Zaloguj
Nigdy nie udostępnimy Twojego e-maila innym osobom.
Zresetuj hasło

Wprowadź swój adres e-mail, a wyślemy Ci link do zresetowania hasła.

Powrót do logowania


Poster Noc duchów 2008

Noc duchów 2008

11-letni Max Doyle wierzy w magię, co jest przyczyną drwin ze strony starszego brata. Pewnego dnia chłopiec słyszy w piwnicy niepokojące głosy. Podążając za nimi, odnajduje tunel, w którym ukrywają się duchy dwojga dzieci, Nicky'ego i Tary.
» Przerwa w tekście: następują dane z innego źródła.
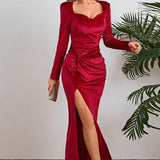 Elegante vestido de noche de terciopelo fruncido con mangas largas y abertura en la cintura.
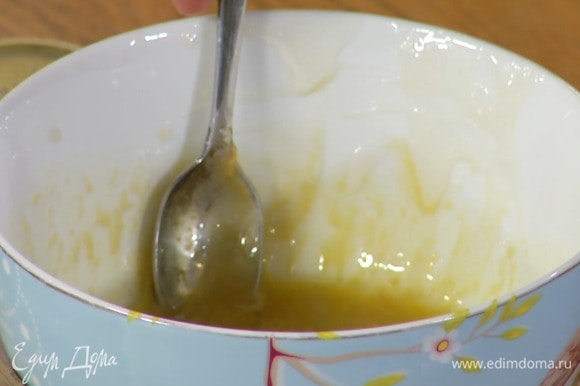 Приготовить заправку: из половинки лайма выжать сок, добавить мед, горчицу, оставшееся оливковое масло, все посолить, поперчить и перемешать.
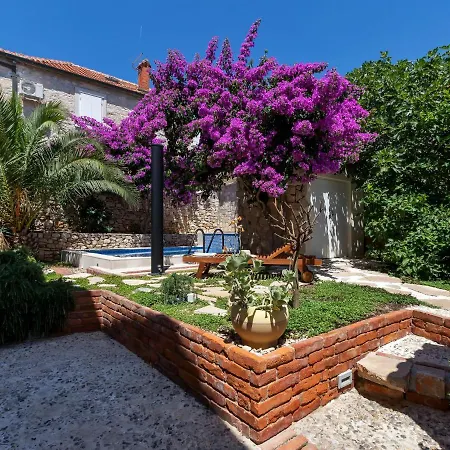 Сasa de vacaciones Marijan By Interhome *
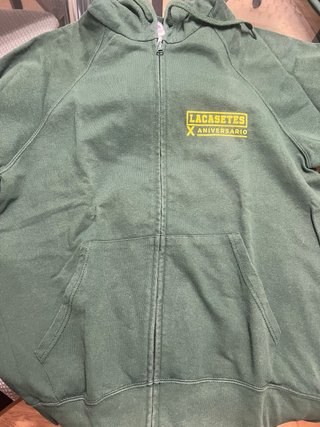 Lote de ropa de la peña La Casetes, de las Ferias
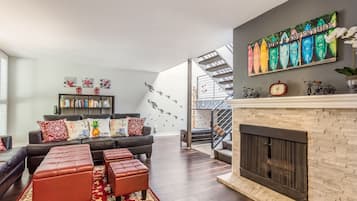 تلفزيون ذكي، مدفأة، ألعاب فيديو، مشغل دي في دي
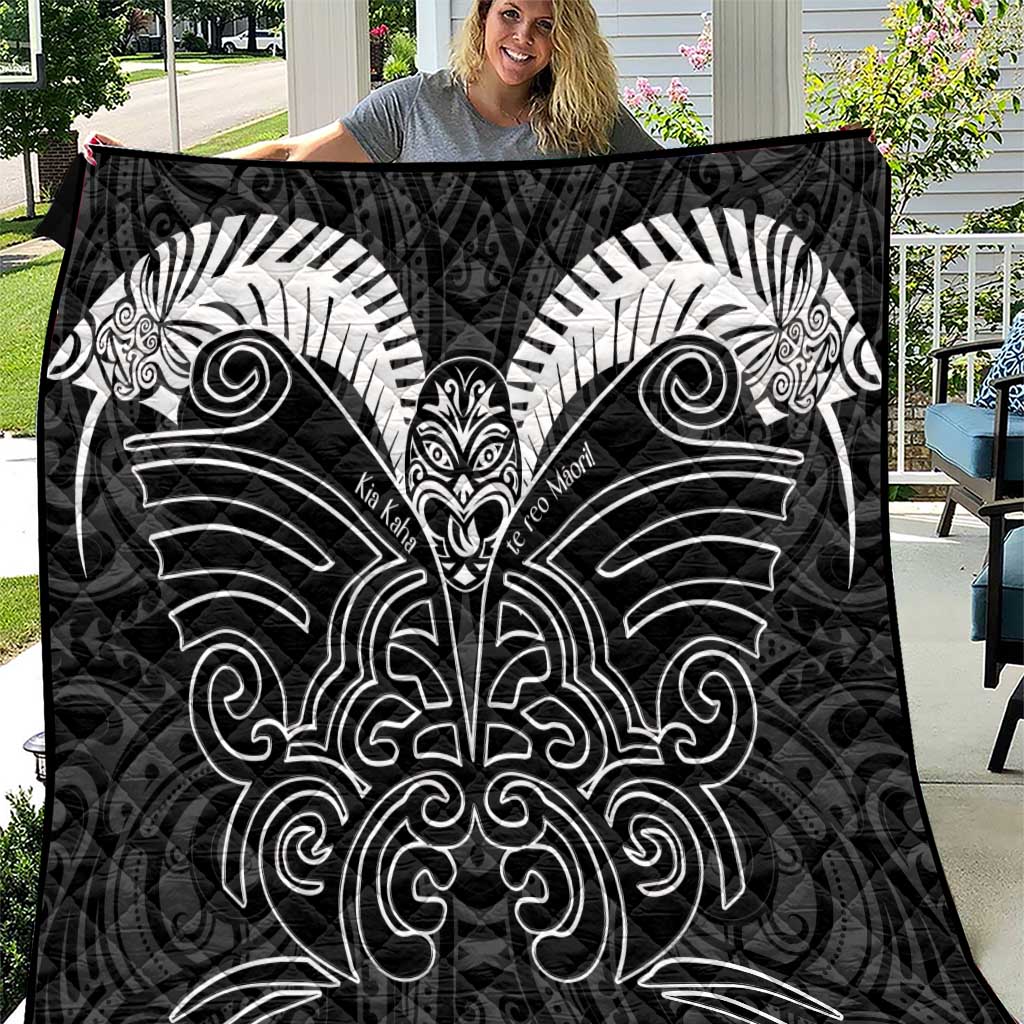 Kia Kaha Te Reo Maori Quilt Aotearoa Hei Tiki With Hongi LT14 Black - Polynesian Pride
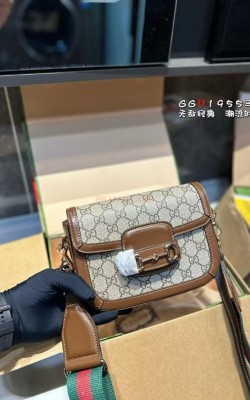 תיק גוצי 20 ס"מ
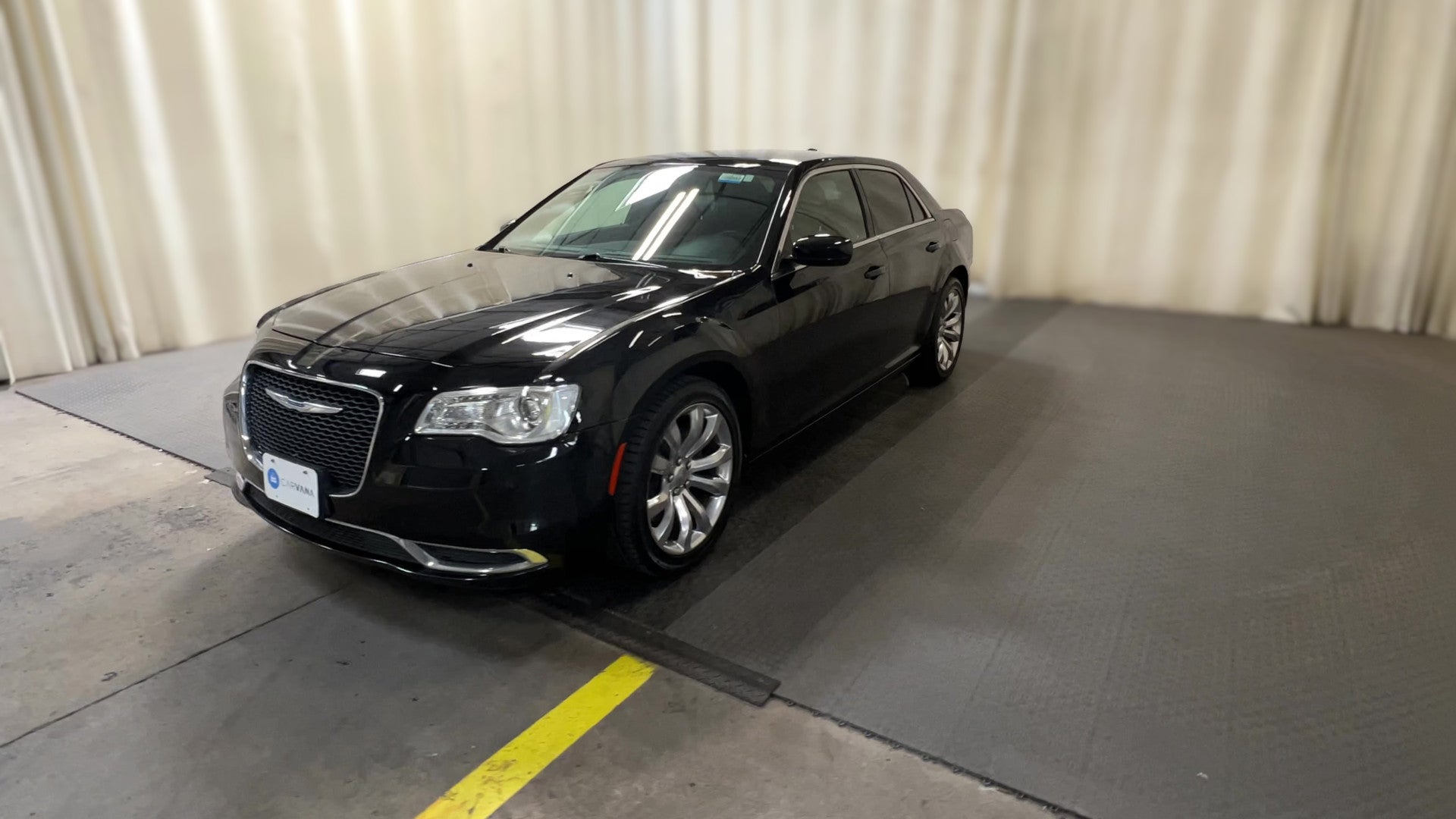 2018 Chrysler 300 vehicle photo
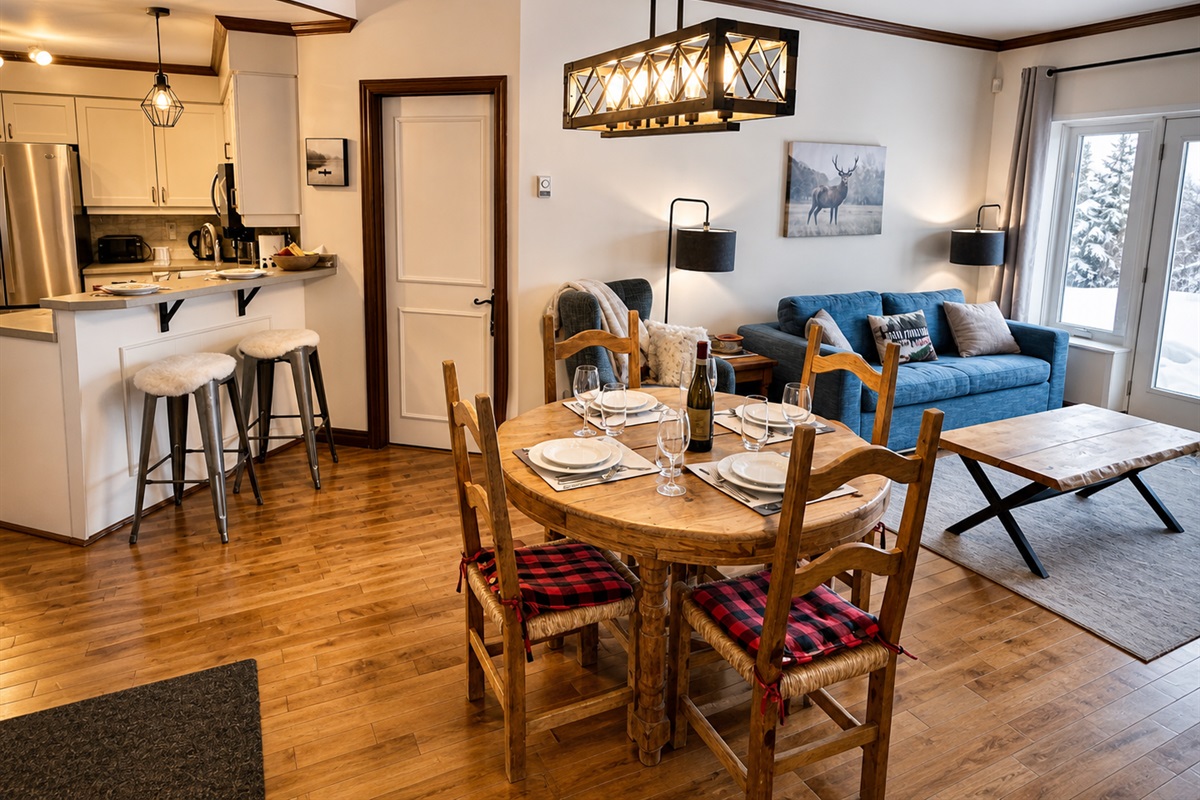 Gorgeous living space. Extra leaf available for dining table to fit additional people.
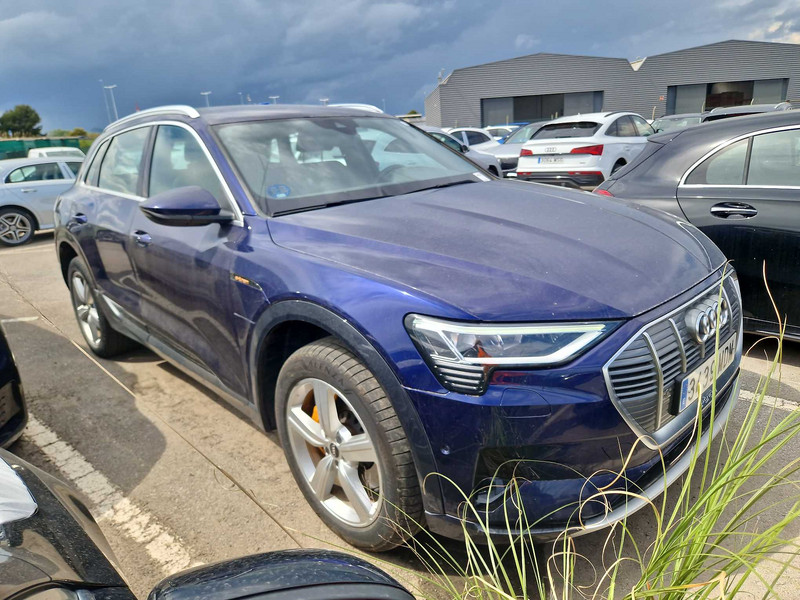 Foto Audi E-TRON 4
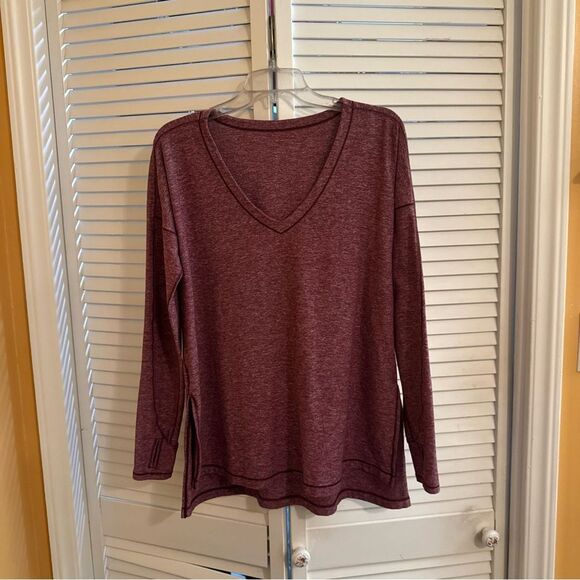 Women's V-Neck Athletic Maroon and white Top - Picture 1 of 10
Max zaprzyjaźnia się z nimi. Gdy Tara zostaje porwana przez złego ducha, Phearsa, chłopiec, będąc niewidoczny dla zjaw, spieszy jej na ratunek. Do konfrontacji dobra ze złem dochodzi w Halloween podczas pokazu sztuczek magicznych. Phears wydostaje się z tunelu, by zrujnować występ Maksa.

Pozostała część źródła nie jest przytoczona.